R7: [K1tbl, P2, K1tbl, Pfb, K1tbl, P1, K1tbl, Pfb, K1tbl, P2] x 2
R8: [K1tbl, P2, K1tbl, P2, K1tbl, P1, K1tbl, P2, K1tbl, P2] x 2
R9: [K1tbl, P2, K1tbl, P2, K1tbl, Pfb, K1tbl, P2, K1tbl, P2] x 2
R13: [K1tbl, P3, K1tbl, Pfb, P1, K1tbl, P2, K1tbl, Pfb, P1, K1tbl, P3] x 2
R14: [K1tbl, P3, K1tbl, P3, K1tbl, P2, K1tbl, P3, K1tbl, P3] x 2
R15: [K1tbl, P3, K1tbl, P3, K1tbl, Pfb, P1, K1tbl, P3, K1tbl, P3] x 2
If you would like a longer fin, repeat R18 until desired length.

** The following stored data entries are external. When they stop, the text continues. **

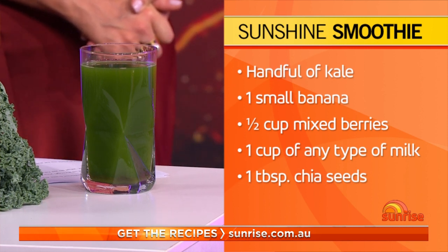You can make it the night before and then you're ready to go. It gets you in the right mindset, and basically the more veggies and fresh food you put in it, the better.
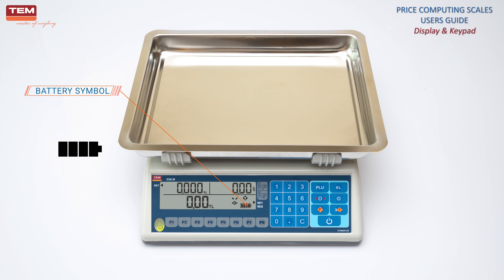The frame around the battery symbol indicates the power status. If the scale is working on battery power, the battery frame turns on. If the scale is connected to a power supply, the battery frame turns off. Just before the battery becomes fully empty, the battery frame starts flashing.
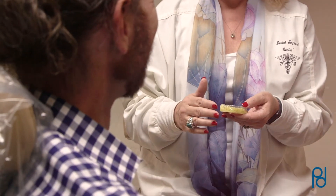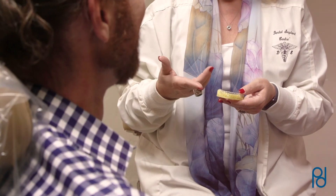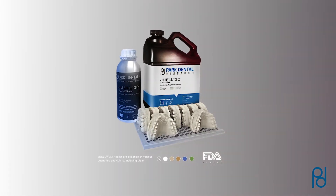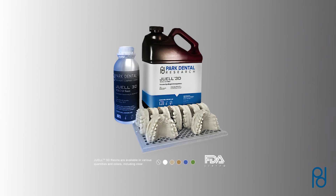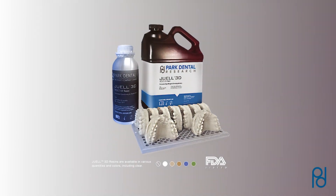It's the emerging standard for dental professionals looking for the latest technology in digital dentistry. We offer an affordable range of JUUL 3D UV resins designed, developed, and tested for market-leading digital dentistry.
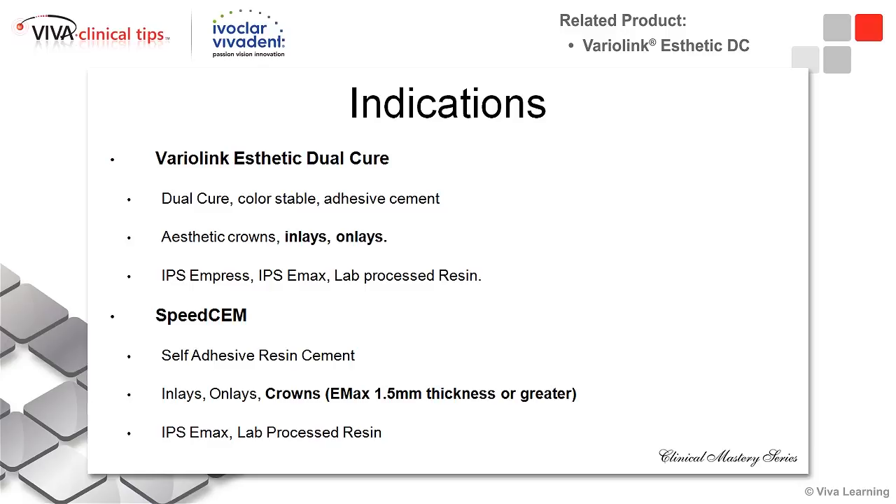More often than not, my posterior restorations in the high 90th percentile are e.max restorations. And due to my prep design, they're typically over 1.5 millimeters thick with good retention form. That's going to be an indication that I'm going to use SpeedCem. It's quick, it's easy, and it has some good, decent bond strength available.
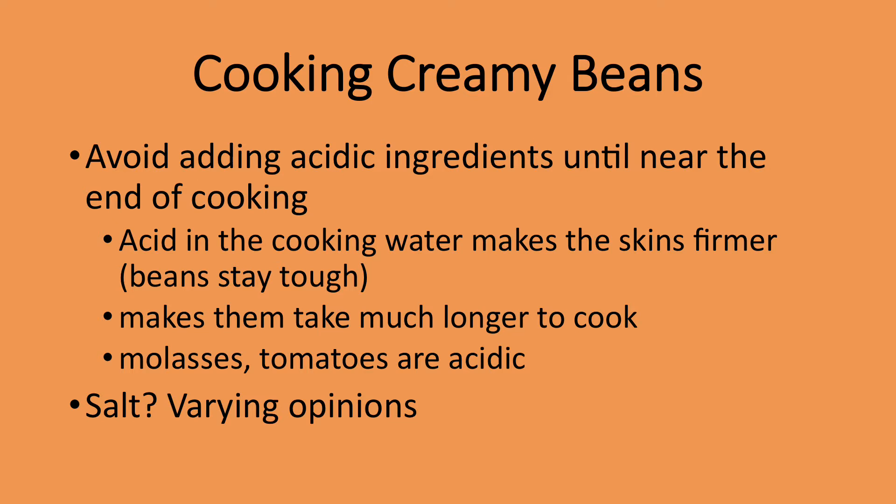However you cook dried beans, it's important not to add anything acidic, like tomatoes or molasses, until near the end of cooking, as acidic ingredients make the bean skins cook much more slowly. For years we've been told not to add salt to cooking beans, as it would keep them from softening. There's now much debate about that. I salt beans during the last part of their cooking if possible, and any time you add salt during cooking, you generally don't have to use as much — which is always good for our health.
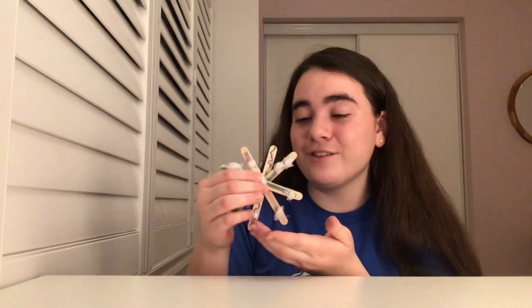To make our popsicle stick snowflakes you guys are going to need a few items. Go ahead and grab some popsicle sticks — you're going to need about a handful. You're also going to need some string, some glue, a pair of scissors, and some crayons or any other decorations like pom-poms or stickers. Once you have all of your stuff you're good to go.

When at desired length, graft the stitches together with 20 stitches on each side using the
Kitchener stitch.
Finishing Details:
Sew buttons onto eye spots. Caution: Be careful about using buttons for little ones!! If you
think there might be any risk, ere on the side of caution and use felt cut to the same size
instead of buttons. Buttons are a choking hazard, especially when accessible on reachable little
feet to little hands. You can glue, then sew on the felt. It’ll still look great!
Sew on fins using cast on end. Sew about halfway between the eyes and the start of the heel
flap (or higher if you’re concerned about tripping).